Spuren der Zeitgeschichte

Ein Wandbild von Gerhard Richter kehrt zurück

Die künstlerische Laufbahn Gerhard Richters (*1932) begann an der Hochschule für Bildende Künste Dresden. Bereits während seiner Ausbildung erhielt der talentierte Student von seinem Lehrer Heinz Lohmar (1900 – 1976) besondere Förderung. Nach dem Studium und während seiner Aspirantenzeit konnte Richter in Dresden einige Aufträge für Wandmalereien ausführen.

1956 ermöglichten es die Feierlichkeiten zum 750. Stadtjubiläum Dresdens dem Deutschen Hygiene-Museum, eine Reihe von Räumen zu renovieren und neu zu gestalten, die teilweise noch immer von Kriegszerstörungen gezeichnet waren. In diesem Zusammenhang entschieden das Museum und die Kunsthochschule, dass Gerhard Richter als Diplomprüfung ein Wandbild im Treppenhaus-Foyer Süd ausführen sollte. Das Gemälde mit dem Titel „Lebensfreude“ erstreckte sich auf einer Fläche von ca. 60 Quadratmetern über die gesamte Wand.
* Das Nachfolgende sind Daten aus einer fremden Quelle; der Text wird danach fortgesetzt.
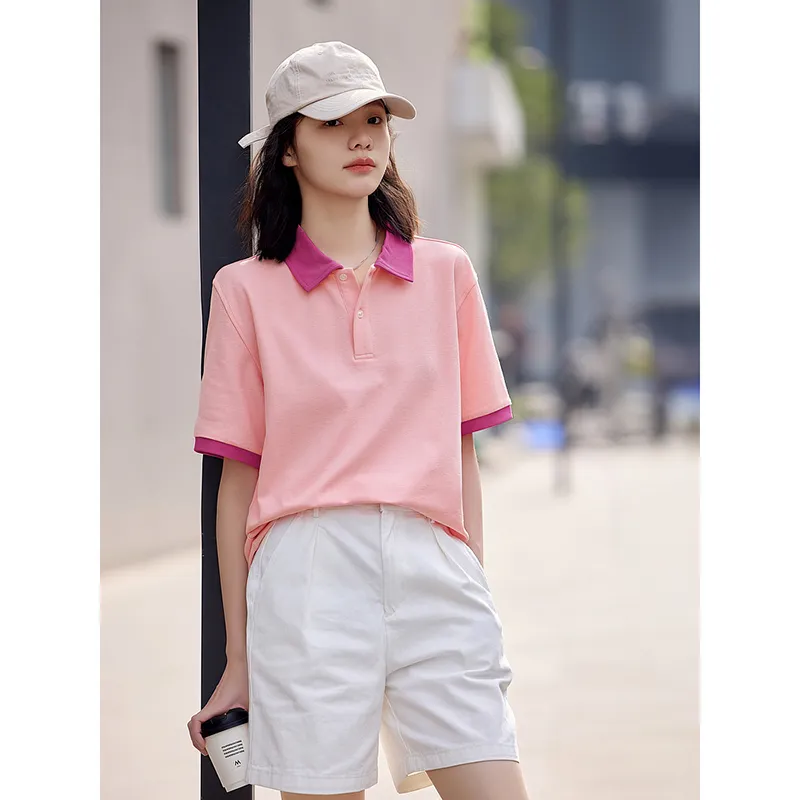 LUYOUYE T Shirts Women's Pink-3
Für sein monumentales Wandbild entwarf Richter eine Art Sommeridyll, in dem die Hoffnung auf eine glückliche und friedliche Zukunft in der jungen sozialistischen Gesellschaft zum Ausdruck kam. Gleichzeitig zitiert er mit seinen angedeuteten Landschaften und Figurenszenen aber auch Motive aus dem Bilderkosmos der europäischen Kunstgeschichte, mit dem er durch sein Studium vertraut war. Schon das junge Paar ganz links erinnert an traditionelle Darstellungen von Adam und Eva im Paradiesgarten. Die zentrale Badeszene, die 2023/25 teilweise wieder freigelegt wurde, bezieht sich deutlich auf Sandro Botticellis Geburt der Venus. Der männliche Rückenakt in dieser Szene verweist in seiner feinen Technik auf die fundierte Ausbildung, die Richter an der Dresdner Akademie erfahren hat. Unterhalb der Badeszene platzierte er eine Gruppe von vier Tanzenden, die Ähnlichkeiten mit den Gemälden Tanz oder La Bonheur de Vivre von Henri Matisse aufweisen. Als weiteres kunsthistorisches Zitat lässt sich die Gruppe von drei im Gras sitzenden Jugendlichen lesen – hier setzt sich Richter erkennbar mit dem Frühstück im Grünen von Édouard Manet auseinander. Das Elternpaar mit Kind ganz rechts oben erinnert an christliche Darstellungen der Heiligen Familie, die hier jedoch mit den Motiven von Traktor und Fabrikschornstein in die Gegenwart überführt wird. Und die Taube verweist nicht mehr auf den Heiligen Geist, sondern nimmt Bezug auf Pablo Picassos Friedenstaube, für die der Künstler 1955 den Weltfriedenspreis erhielt (Ausführliche kunsthistorische Analysen finden sich in den Texten von Kerstin Küster und Sandra Mühlenberend in der Publikation Gerhard Richter „Lebensfreude“, 1956. Teilfreilegung eines verschwundenen Wandbildes, Deutsches Hygiene-Museum, 2025)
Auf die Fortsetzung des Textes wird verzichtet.